Task to complete:
Exactly reproduce the line containing "Icaro Carrot Fit Denim Jeans" and all later lines to the end of the entries, leaving the pictures out of your copy.

### Input

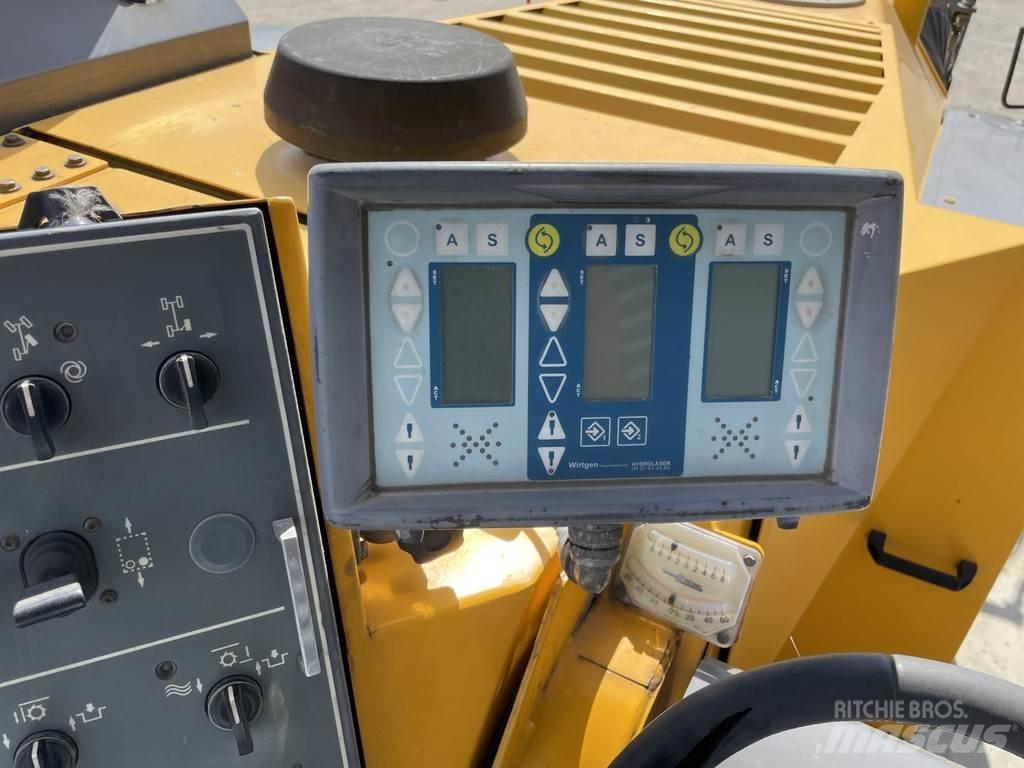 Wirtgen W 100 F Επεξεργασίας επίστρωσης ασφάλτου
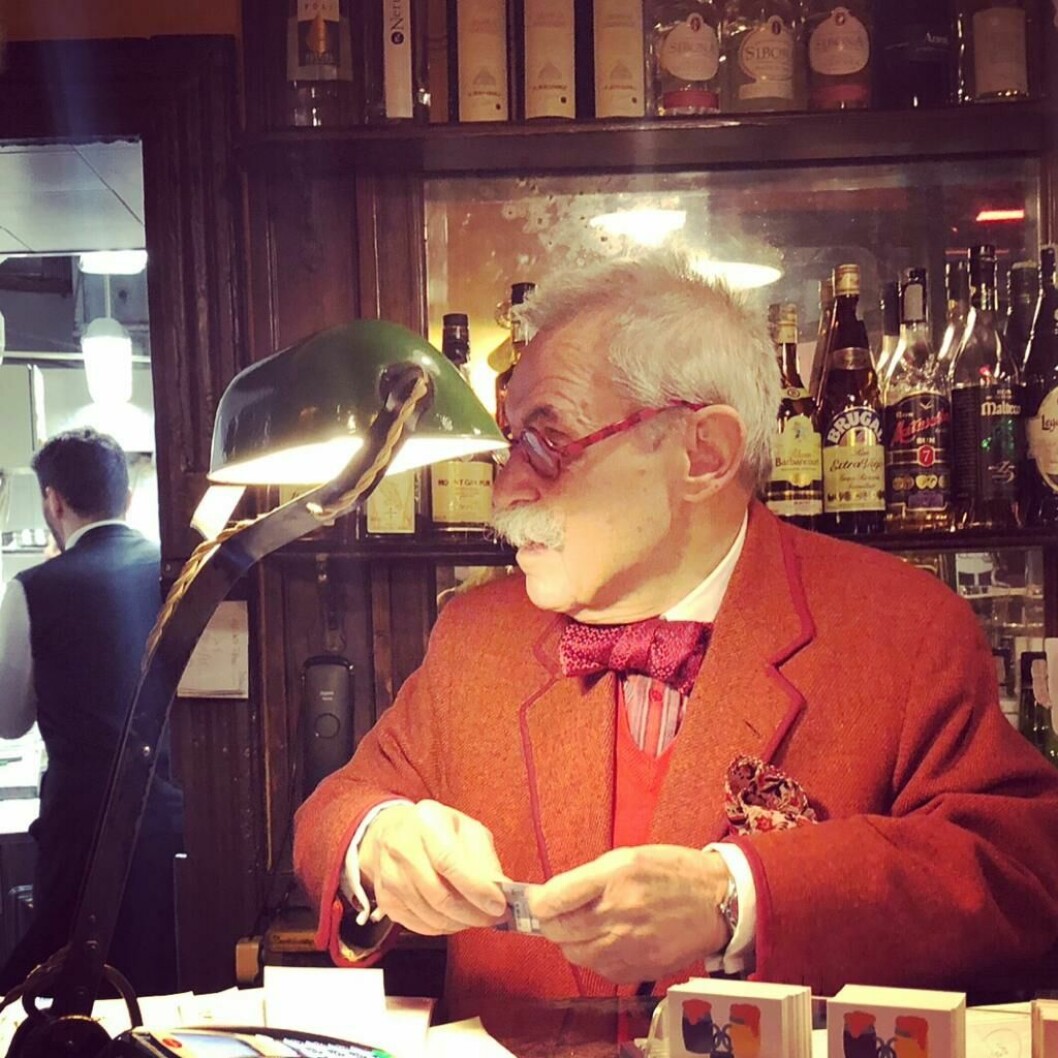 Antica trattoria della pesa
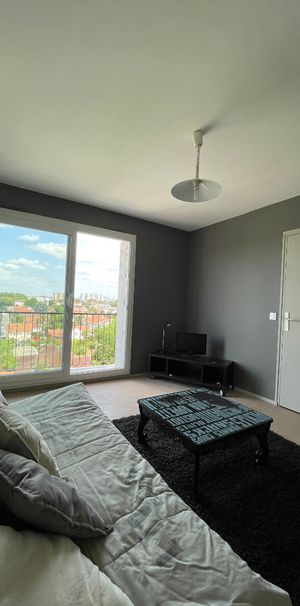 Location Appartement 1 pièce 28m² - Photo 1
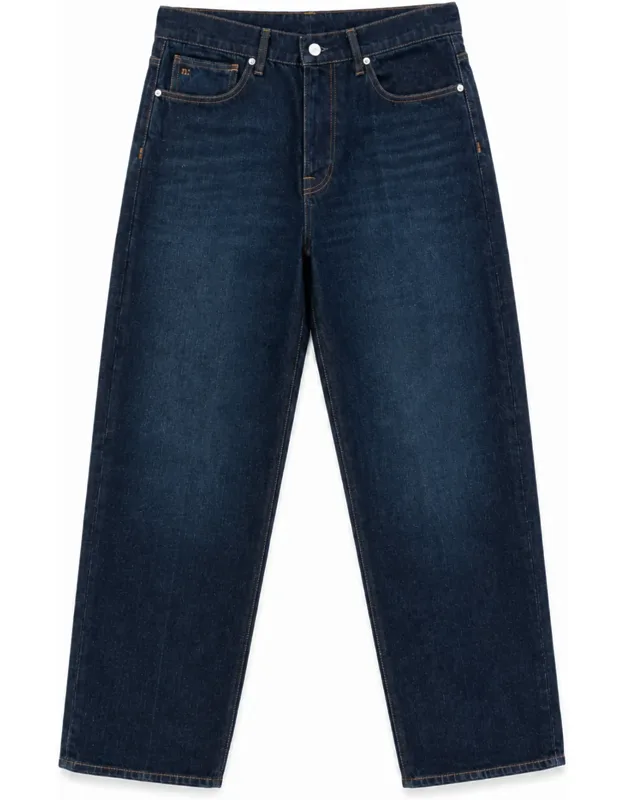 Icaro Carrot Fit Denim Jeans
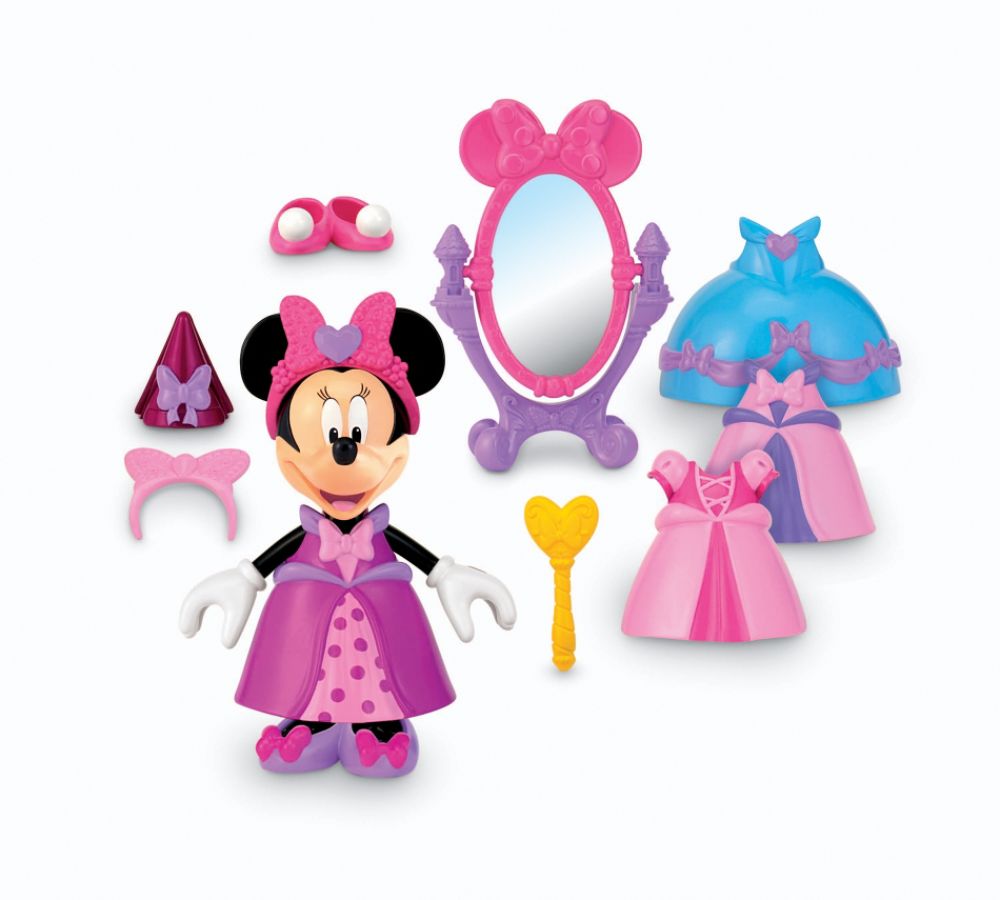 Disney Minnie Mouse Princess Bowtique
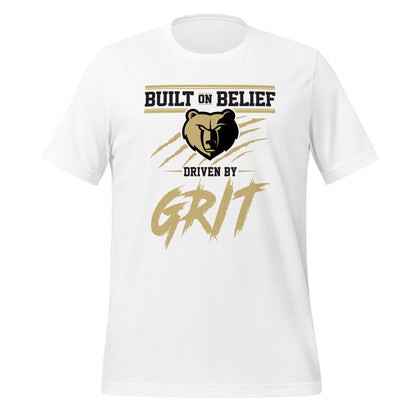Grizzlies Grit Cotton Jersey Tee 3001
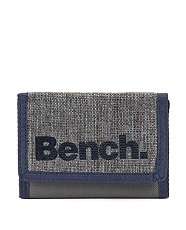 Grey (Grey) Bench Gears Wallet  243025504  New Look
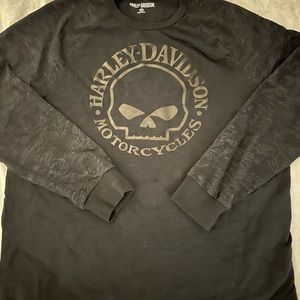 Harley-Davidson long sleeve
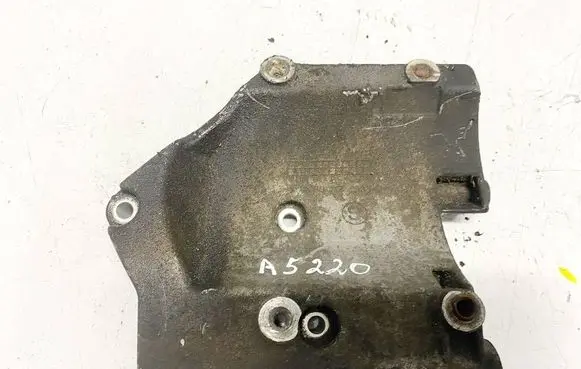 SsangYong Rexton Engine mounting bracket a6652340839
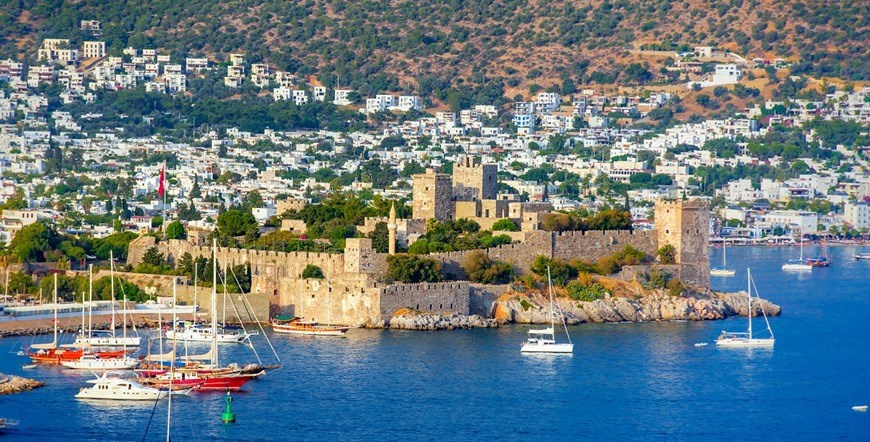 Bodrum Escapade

######

Finished exercise:
 Icaro Carrot Fit Denim Jeans
 Disney Minnie Mouse Princess Bowtique
Grizzlies Grit Cotton Jersey Tee 3001
 Grey (Grey) Bench Gears Wallet  243025504  New Look
 Harley-Davidson long sleeve
 SsangYong Rexton Engine mounting bracket a6652340839
 Bodrum Escapade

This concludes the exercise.